11/04/2022
Yves Saint Laurent with his Les Yeux d’Elsa jacket and John Galliano with his backward suit for Christian Dior are among the many designers who have paid homage to Elsa Schiaparelli. Daniel Roseberry, who became creative director of the house in 2019, belongs on that list too. Roseberry’s approach has been largely focused on Surrealism, which has allowed him to assert his own vision for the house. That made his decision to include a version of Schiaparelli’s first hit, a bow sweater, in his autumn/winter 2022 ready-to-wear collection really stand out.

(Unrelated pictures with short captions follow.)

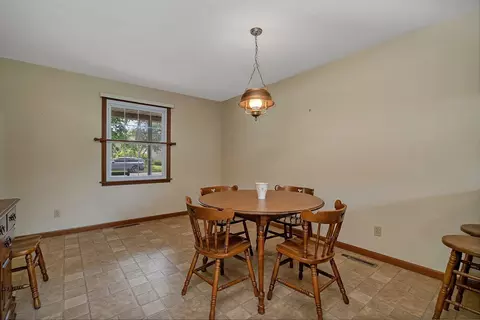 1359 N Samara Ave, Kankakee, IL 60901 photo 6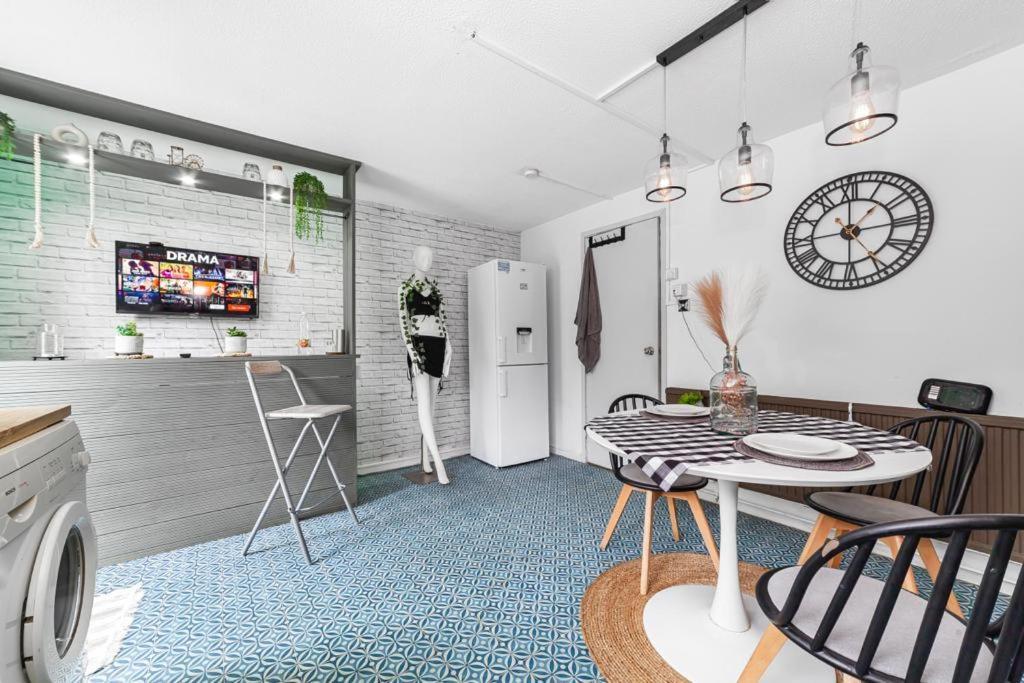 Ferienhaus 2bed Garden House W/hot Tub, Sauna & Cinema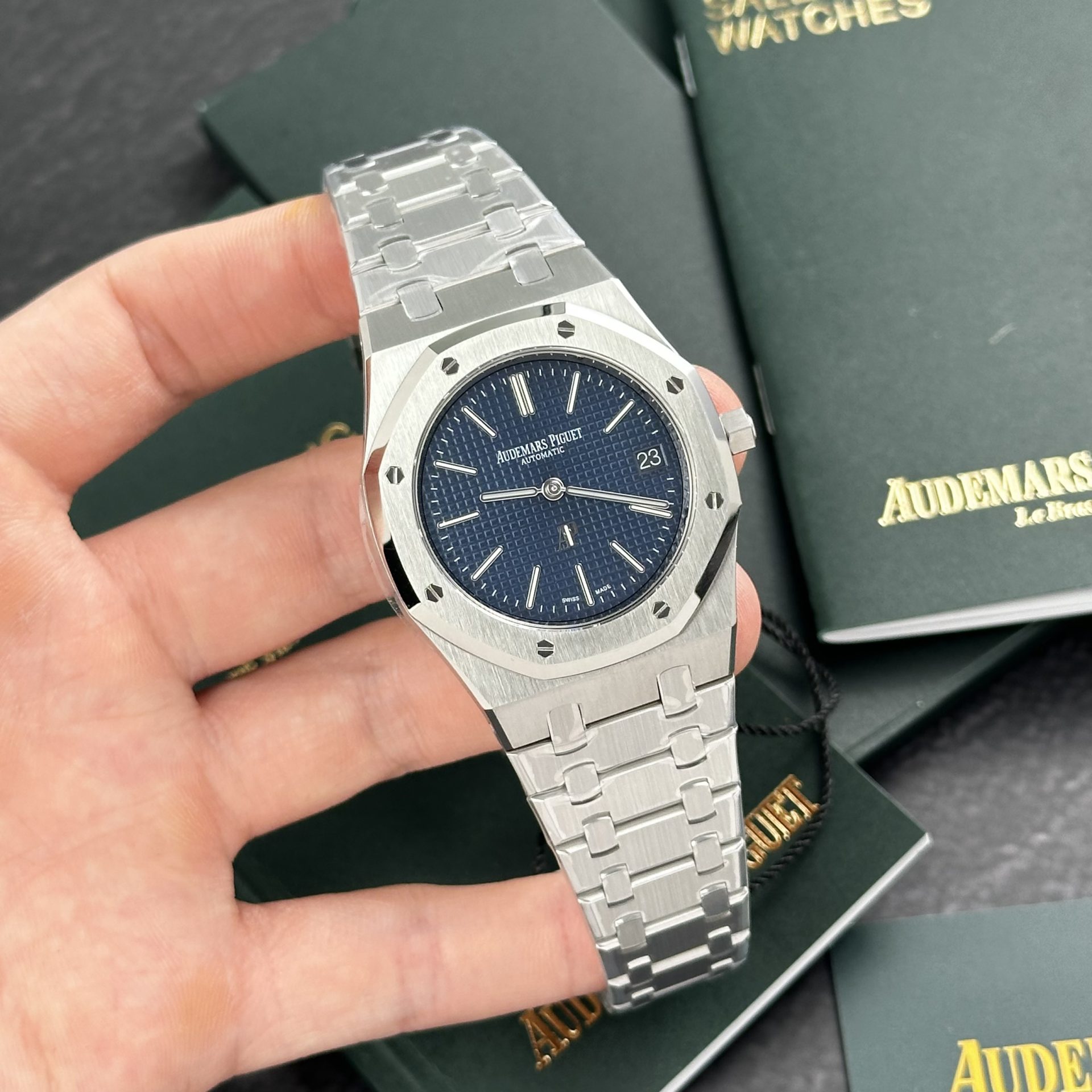replica Audemars Piguet Replica Watch Royal Oak 15400ST Black Dial Rubber Strap 41mm WATCHES 1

Designed in 1927, the bow sweater arrived into a fashion landscape increasingly focused on serving the needs of sleek and dynamic modern women, which brought knitwear to the fore. “Three-quarters of daytime fashions offered in Paris are of the sports type,” reported Vogue in 1921. “Simple, practical, and youthful, they constitute an influence that is more and more felt outside the realm of active sports in dress for general daytime and resort wear and for travel.” Schiaparelli’s sweater came with a trompe l’oeil twist. Ninety-five years on, the knit is still eye-catching.
In 1927 Elsa Schiaparelli was a 37-year-old divorcée and single mother trying to eke out a living (while wearing clothing gifted to her by Paul Poiret). Born into an aristocratic Roman family, Schiaparelli shocked her parents, first by publishing a book of her own poetry when she was 21 and then by refusing to accept the hand of the man her parents wanted her to marry. Unfortunately, the man she settled on left her not long after their daughter was born. Though hers was at times a hand-to-mouth existence, it wasn’t unglamorous. Gabrièle Buffet-Picabia, a writer involved with the Dada movement, invited her to Paris. There, Schiap, needing to earn a living, began to dabble in fashion.
An Inspiring Visit
What set Schiaparelli on her way in the field was a visit from an American friend who was wearing an unusual sweater that the designer would later describe in her autobiography, Shocking Life, as “definitely ugly in colour and shape, and though it was a bit elastic it did not stretch like other sweaters.” She asked her friend where she had found the pullover and was directed to a local knitter.